The outcome for cerebral arterial gas embolism largely depends on severity and the delay before recompression. Most cases which are recompressed within two hours do well. Recompression within six hours often produces improvement and sometimes full resolution. Delays to recompression of more than 6 to 8 hours are not often very effective, and are generally associated with delays in diagnosis and delays in transfer to a hyperbaric chamber.

Xu et al. reported a 99.3% effectiveness rate of treating decompression illness with immediate recompression in a study of 5,278 cases across 2000–2010 in China. The initial symptom occurred within 6 hours after surfacing in 98.9% of cases.

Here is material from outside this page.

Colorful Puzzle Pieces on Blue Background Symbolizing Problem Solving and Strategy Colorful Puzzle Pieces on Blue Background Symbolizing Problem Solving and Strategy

Long term complications can arise as end organ damage from air embolisms. In bones, dysbaric osteonecrosis leads to pathological fractures and chronic arthritis, particularly in the proximal femur, humerus, and tibia. In the brain and spinal cord, depending on the area and severity of damage there can be neurological deficits ranging from becoming comatose, having sensorimotor weakness, incontinence, and other effects. The lungs can develop pulmonary fibrosis. The pancreas, kidneys, and liver are also vulnerable, and regional necrosis in the gastrointestinal tract can cause strictures leading to obstruction.

== Epidemiology ==
Roughly 3 to 7 cases per 10,000 dives are diagnosed, of which about 1 in 100,000 dives are fatal.